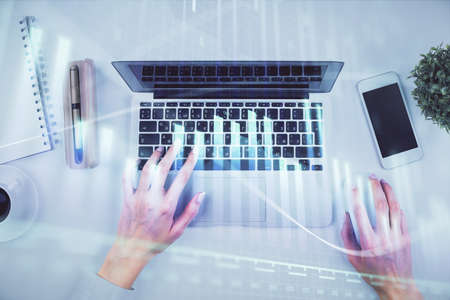 Double exposure of woman hands working on computer and forex chart hologram drawing. Top View....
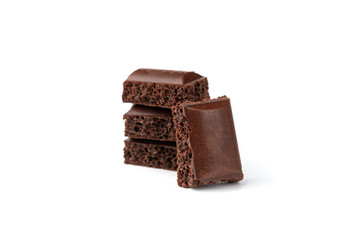 Porous dark chocolate isolated on white background.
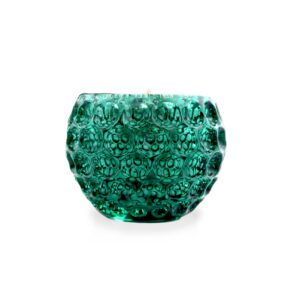 An emerald glass candle on a white background.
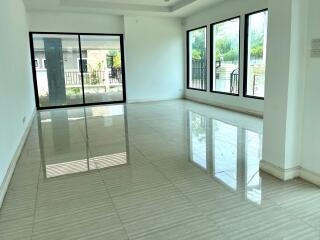 Spacious main living area with large windows and tile flooring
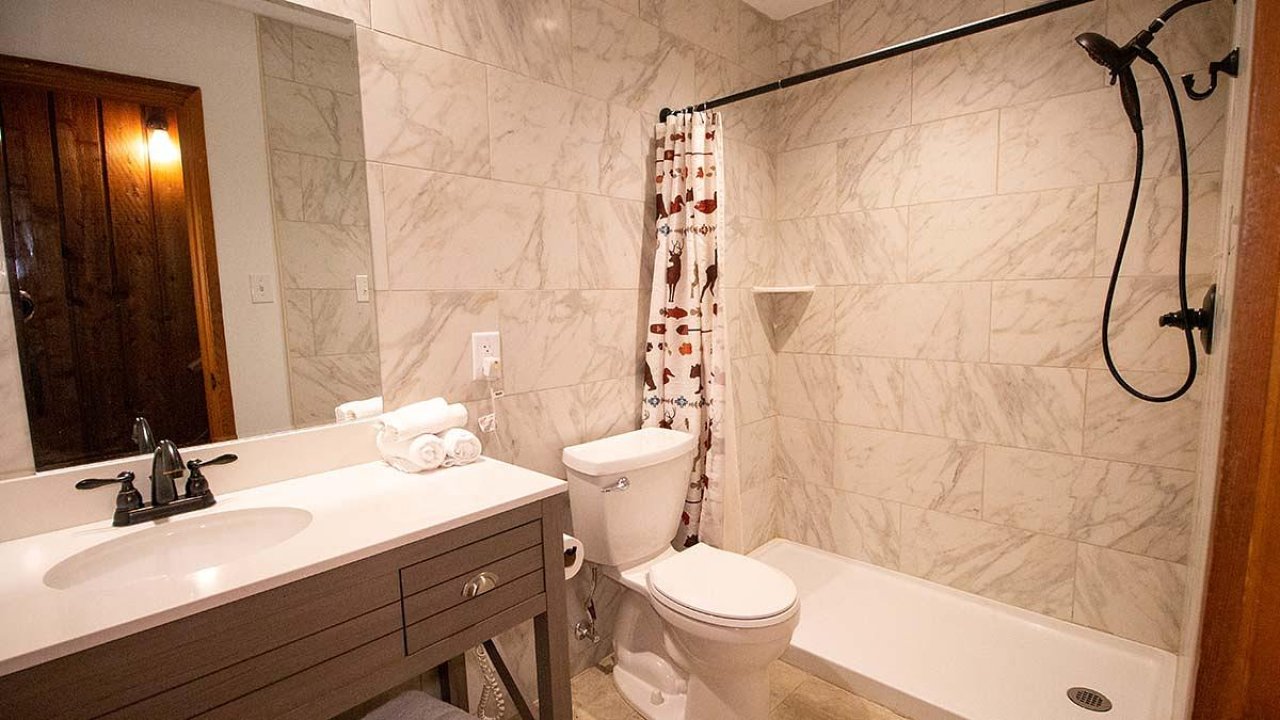Modern bathroom with marble walls, shower, sink, and toilet.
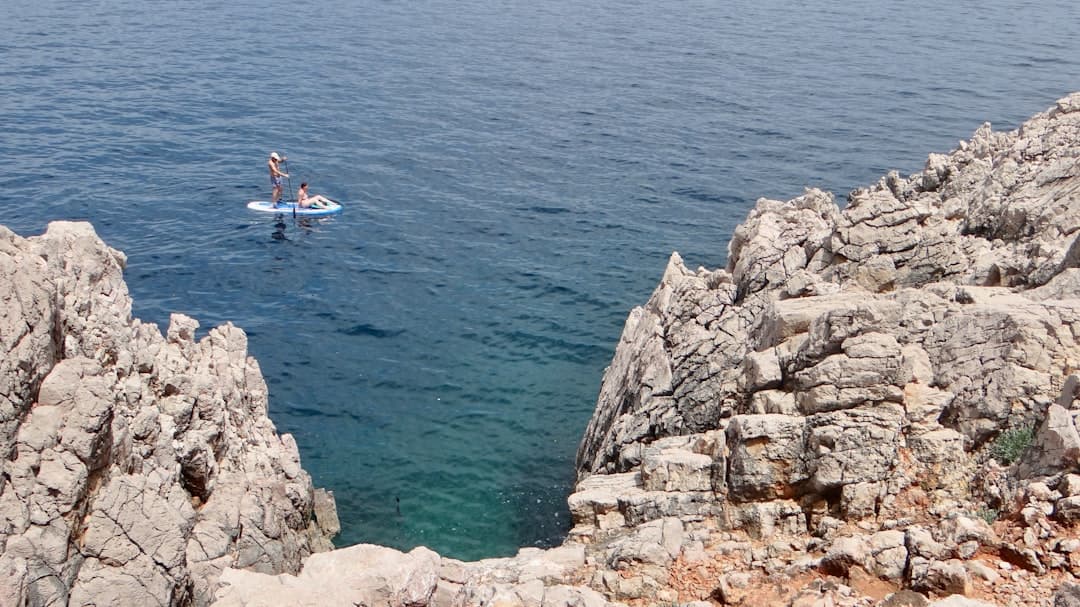 Paddleboarding na morzu przy skalistej plaży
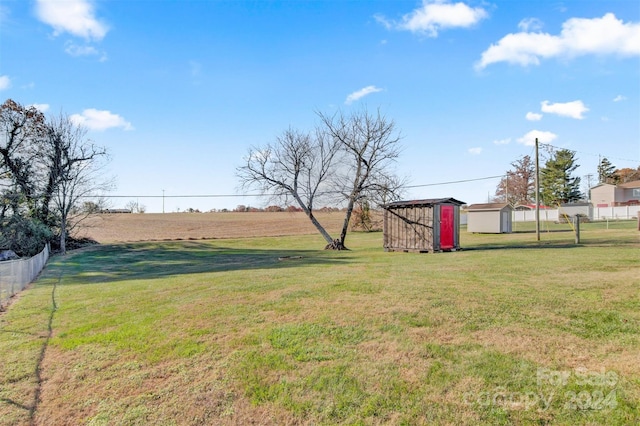 view of yard with a rural view and a storage unit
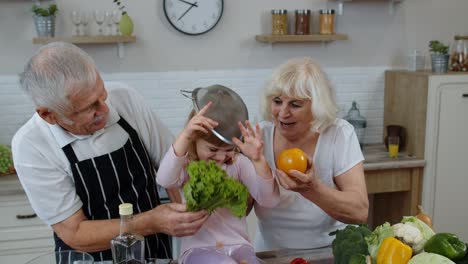 Senior woman and man with grandchild girl making a funny dance with strainer and vegetables at home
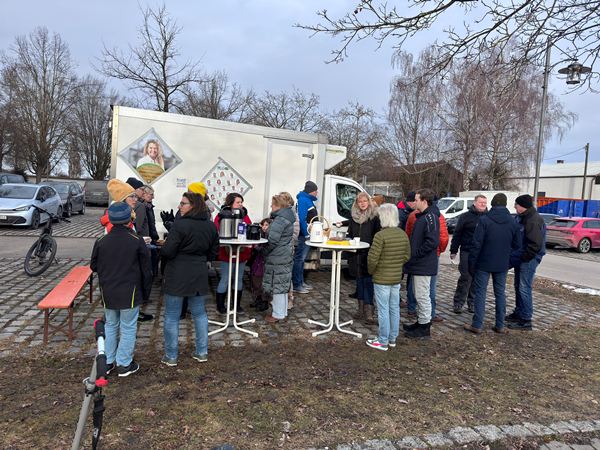 Eine große Menschenmenge versammelt sich um Stehtische vor dem Tour-Lkw der COMPAKT-Liste auf einem gepflasterten Platz in Karlskron.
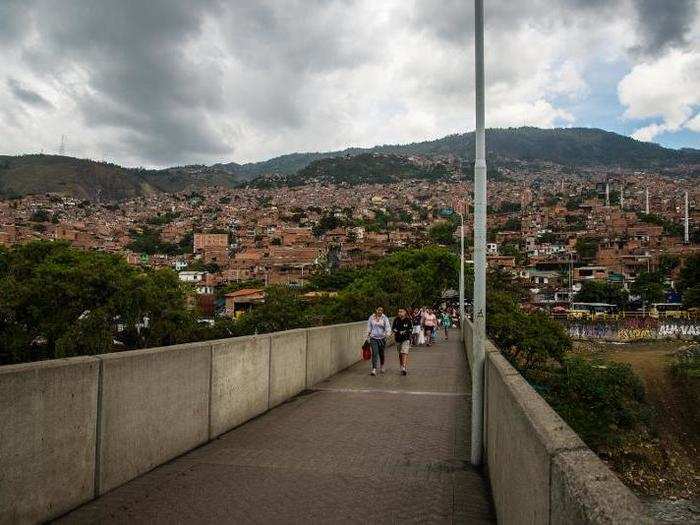 Access to the metro stations comes through walkways that allow people to cross over the Medellín River.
# # # # #
• [WHAT TO WORK ON]:
Each line of the data above needs to be retyped as it is, without any picture.

• [ANSWER TO THIS TASK]:
 Double exposure of woman hands working on computer and forex chart hologram drawing. Top View....
 Porous dark chocolate isolated on white background.
 An emerald glass candle on a white background.
 Spacious main living area with large windows and tile flooring
Modern bathroom with marble walls, shower, sink, and toilet.
 Paddleboarding na morzu przy skalistej plaży
 view of yard with a rural view and a storage unit
 Senior woman and man with grandchild girl making a funny dance with strainer and vegetables at home
 Eine große Menschenmenge versammelt sich um Stehtische vor dem Tour-Lkw der COMPAKT-Liste auf einem gepflasterten Platz in Karlskron.
 Access to the metro stations comes through walkways that allow people to cross over the Medellín River.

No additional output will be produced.